1) Jésus-Christ, Evangile de Dieu pour l’homme ;

2) Le temps de la nouvelle évangélisation ;

3) Transmettre la foi ;

4) Raviver l’action pastorale.


1) Jésus-Christ, Evangile de Dieu pour l’homme

Toute évangélisation — ancienne ou nouvelle — trouve sa source et son modèle dans le Christ Jésus. C’est-à-dire en premier lieu dans une relation d’amour personnelle, publique et communautaire avec lui : qui peut évangéliser sans une forte intimité avec la personne de Jésus ?

L’évangélisation s’appuie aussi sur la façon de faire de Jésus : connaître le contenu du message qu’Il transmet, sa manière d’opérer lorsqu’il enseigne, son mode de prédication et d’exercer son ministère, tant vis-à-vis des croyants ou des incroyants que des foules ou des disciples. L’Eglise se rappelle à elle-même que toute évangélisation doit donc s’inscrire dans la ‘nouveauté’ évangélique : naissance à une vie nouvelle (cf. Jn 3), nouveauté du chrétien qui n’est plus ‘du monde’ mais ‘dans le monde’ (cf. Jn 17), nouveauté de l’amour qui va jusqu’à être scandale et folie (cf. 1 Co 1) pour les hommes (aimer ses ennemis, renoncer à ses biens, être oenuque pour le royaume, confesser un messie crucifié et ressuscité), nouveauté d’une conversion du cœur qui se doit d’être continuelle pour les chrétiens…

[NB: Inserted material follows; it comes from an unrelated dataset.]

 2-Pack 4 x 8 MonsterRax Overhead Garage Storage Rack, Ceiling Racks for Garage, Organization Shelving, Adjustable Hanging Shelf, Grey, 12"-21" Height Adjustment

Ce premier chapitre de l’I.L. insiste également sur le sens du terme ‘Evangile’ que chaque catholique doit redécouvrir : l’annonce du Royaume de Dieu, l’avènement de la Seigneurie et du Salut du Christ sont une « bonne » nouvelle, une nouvelle réjouissante pour celui qui l’accueille, l’expérimente car — aujourd’hui comme hier — Jésus Christ console, éclaire, guérit, pardonne, libère… L’Evangile est en fait ‘la’ bonne nouvelle de l’histoire pour les hommes. Il y a donc tellement de sens, de raisons et de bonheur à proclamer et annoncer à temps et à contretemps cet Evangile, pour l’Eglise qui fait sienne les paroles sans ambiguïté de Saint Paul : ‘malheur à moi si je n’évangélise pas’ (1 Co 9, 16). Reprenant un point auquel Paul VI et Jean-Paul II étaient très attachés, ce chapitre s’achève sur le devoir d’évangéliser et dénonce toute une série de « fausses convictions qui limitent l’obligation d’annoncer » ou « de négligences, de peur, de honte ». Et l’I.L. de se faire l’écho de nombreuses demandes de par le monde de s’interroger et de vérifier à l’occasion du synode des raisons profondes de « l’infécondité de l’évangélisation et de la catéchèse aujourd’hui », d’évaluer si au final celle-ci n’est pas « avant tout un problème ecclésiologique et spirituel ». D’où la citation des versets du prophète Isaïe qui éclairent le puissant appel d’air spirituel et apostolique qu’évoque et provoque la nouvelle évangélisation aujourd’hui dans l’Eglise : « Elargis l’espace de ta tente, allonge tes cordages […] ta race va repeupler les villes abandonnées » (Is 54)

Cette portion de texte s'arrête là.